Most stakeholders including slum dwellers themselves appreciated the added value of STDM in addressing the information requirements of the urban poor particularly for improving tenure security and enhancing planning and access to basic services and infrastructure. Some stakeholders including government officials appreciated STDM as a potential tool for much larger urban development objectives.
At the close of 2010 and early 2011, building from the prototype, the intermediate version was developed within UN-Habitat/GLTN. The intermediate version replaced ILWIS as the GIS component with QGIS. The intermediate version was developed using some data and process from a Kenya-based urban NGO called Pamoja Trust, an affiliate of SDI. This version becomes a QGIS plugin which allows users to make use of the other functionality offered by the software. This version of STDM is the basis for a publicly available version which was launched in June 2014.
- 2014 June first: STDM is published on https://github.com/gltn/stdm
- 2014: Launch of STDM 1.0 at the FIG Conference in Kuala Lumpur
- 2015: Release of STDM 1.2 at the World Bank Conference on Land and Poverty in Washington DC, USA
- 2016: STDM as a tool for Improving Land Governance: Global Partners' Experiences and Lessons presentation at the World Bank Conference in Washington DC, USA
- 2016: Next phase: STDM-Online, the Social Tenure Domain Model on the Web.
- 2017 Release of STDM version 1.4
- 2017 STDM Online prototype based on [Sahana Eden] launches at the World Bank Conference on Land and Poverty 2017.

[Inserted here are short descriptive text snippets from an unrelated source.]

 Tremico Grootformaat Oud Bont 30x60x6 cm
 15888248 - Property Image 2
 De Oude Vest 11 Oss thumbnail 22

GLTN and partners continue to improve the system including the training package. It is also exploring further testing of the tool in other context and currently initiating a partnership agreement with FIG and known universities to review STDM and make further recommendations for improvement.
Identifying Interest Groups
From OSGeo's perspective there are at least 3 distinct interest groups which should be addressed with dedicated outreach material:
- End users
- End users from NGOs who are on site and discover that they need some kind of "geospatial" tool
- End user organizations (NGOs like Slum/Shack Dwellers International) who have a clearer understanding of what is needed but maybe not the means to acquire sustainable solutions based on proprietary software.
- Municipalities who have an area of interest and are dedicated to do something but lack know-how or means
- National bodies with the mission to address land tenure issues (overlap with SOLA)
- who have a budget for a limited period and want to make sure that whatever IT system they support will live beyond the funded period.
- Inform donors how they can tap into Open Source development resources, what they need to take into account to make it sustainable
- Software developers
- of the core projects (OSGeo peers), to make them aware of potential needs arising out of the evolution of STDM
- New software developers, preferably local and regional to the target areas where STDM will be used. These will be critical to support the STDM plug-in, data model and "operations handbook", especially in the transition from externally funded to long term operational.